La torture se poursuit

Et de deux. Après le coup asséné par Jody Wilson-Raybould, voici une seconde gifle dont le gouvernement Trudeau ne se remettra pas de sitôt : la démission d’une autre vedette de son cabinet, l’actuelle présidente du Conseil du Trésor, Jane Philpott. Disant avoir perdu confiance dans son gouvernement, Mme Philpott invoque la manière avec laquelle fut traitée l’affaire SNC-Lavalin pour justifier son départ. « Il peut y avoir un coût à agir selon ses principes, mais les abandonner coûte plus cher encore », dit-elle.

Comme lors du supplice médiéval qui consistait à écarteler un prisonnier, parfois jusqu’à la mort, le premier ministre se voit aujourd’hui littéralement déchiré. D’un côté, le Québec, SNC-Lavalin et le spectre de la perte non seulement de milliers d’emplois, mais de bon nombre de votes québécois lors des prochaines élections. De l’autre, le ROC, la séparation des pouvoirs et la participation des femmes en politique. D’un côté, le calcul électoral (le pragmatisme). De l’autre, le respect des grands principes (l’idéalisme).

Qui voudrait être Justin Trudeau aujourd’hui ? Chaque geste qu’il sera tenté de poser aura des conséquences immédiates sur l’une ou l’autre partie de cette séance de torture. S’il jette l’éponge en ce qui concerne SNC-Lavalin, le Québec lui serrera la vis (en damnant l’hypocrisie et l’incompétence du Canada à son endroit). S’il tente au contraire de faire bénéficier la compagnie d’un accord de réparation, les démissions se multiplieront au sein de son gouvernement et ses appuis fondront au Canada anglais (qui, lui, y verra une autre preuve de la nature corrompue du Québec).

Ce qui ajoute ici au supplice, c’est qu’en plus de l’incompréhension légendaire des deux solitudes, la vieille fêlure de toujours, le chef libéral est également assis sur deux nouvelles failles politiques : la question des Autochtones et celle qui, avec cette dernière démission, prend de plus en plus de place, soit la question des femmes. Au moment de son témoignage, Jody Wilson-Raybould s’est présentée comme étant issue d’une longue tradition de matriarches autochtones pour qui la notion d’État de droit avait été forgée au regard de la situation des Premières Nations. Si elle tenait tant à appliquer les règles à la lettre, insinua-t-elle, c’est qu’elle avait trop vu le penchant des gouvernements à tourner les coins ronds, notamment vis-à-vis des Autochtones.

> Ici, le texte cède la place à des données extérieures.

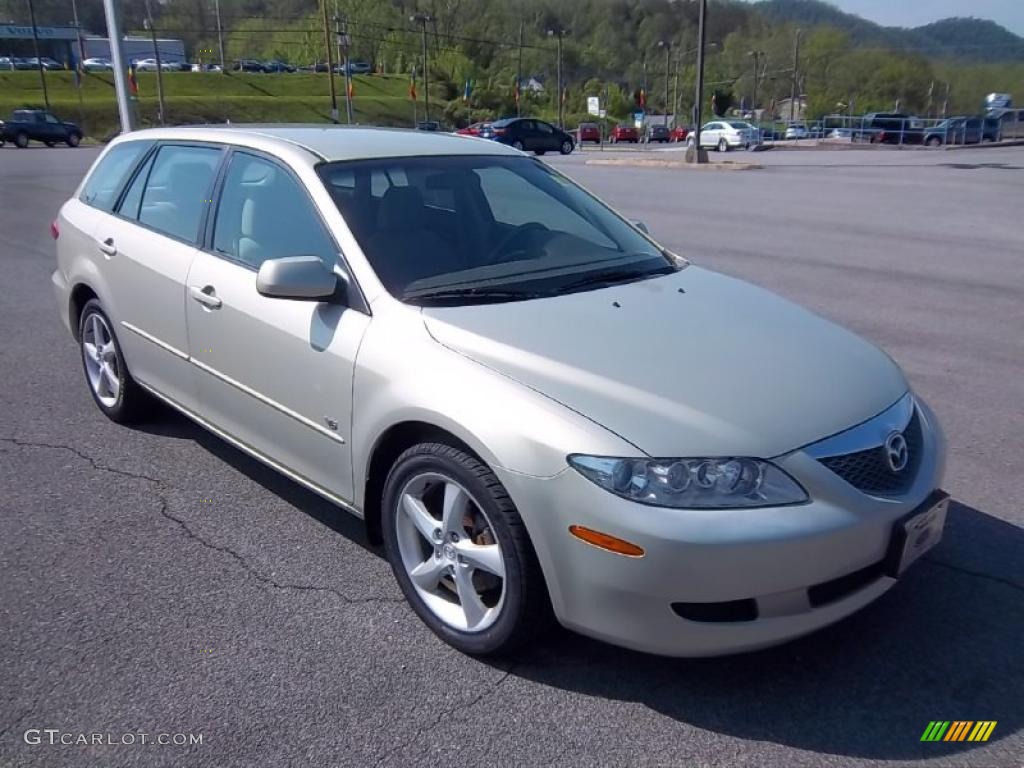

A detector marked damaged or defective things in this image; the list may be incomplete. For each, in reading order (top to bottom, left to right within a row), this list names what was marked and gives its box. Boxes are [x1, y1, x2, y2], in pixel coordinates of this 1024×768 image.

parking lot crack [0, 438, 404, 608]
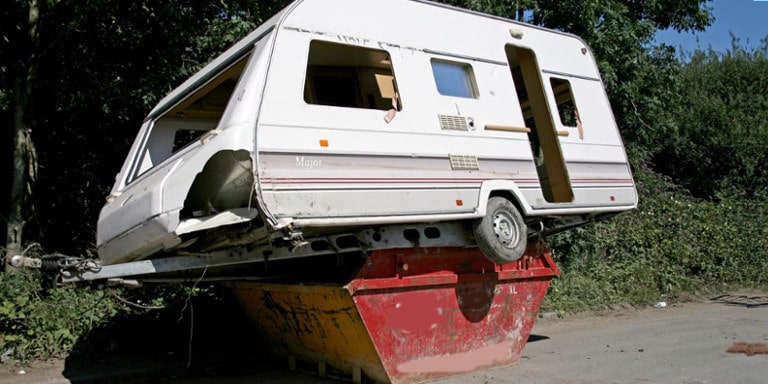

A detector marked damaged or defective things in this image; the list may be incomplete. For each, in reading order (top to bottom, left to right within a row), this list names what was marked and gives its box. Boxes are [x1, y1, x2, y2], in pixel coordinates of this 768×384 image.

wrecked caravan [96, 0, 636, 268]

Lors de son long témoignage, il était difficile de ne pas être impressionné par la force de caractère de cette femme qui a tenu tête à une pléthore de back room boys en plus d’avoir résisté aux tractations de coulisses qui se sont échelonnées sur quatre mois. On a tout fait pour la faire changer d’idée, y compris proférer des menaces voilées. « On trouvera une solution avec toi ou sans toi », lui aurait fait comprendre le greffier du Conseil privé, Michael Wernick. On l’a plus tard traitée de tous les noms : « difficile », « obstinée », « dépourvue d’esprit d’équipe ». Un homme, on peut se le demander, aurait-il été soumis à une telle campagne d’intimidation ? Comme l’écrit Anne Kingston de Maclean’s, « combien de fois une femme doit-elle dire non » ?

Grâce à Jody Wilson-Raybould, et maintenant à Jane Philpott, qui quitte elle aussi la table ministérielle pour des raisons de principe, on voit des choses que nous n’avions jamais aussi bien vues auparavant. Justin Trudeau, d’abord. On se doutait bien sûr que l’homme n’était pas tout à fait aussi progressiste ni aussi bienveillant que l’image qu’il aime projeter. Mais les aveux de JWR dévoilent quelqu’un qui, loin des voies ensoleillées, est à l’aise avec les corridors obscurs de la vieille politique. Un politicien pour qui la recherche du pouvoir dame le pion aux beaux principes. « On aura beau avoir les meilleures politiques, dira un proche conseiller du premier ministre, Mathieu Bouchard, il faut d’abord être élu. »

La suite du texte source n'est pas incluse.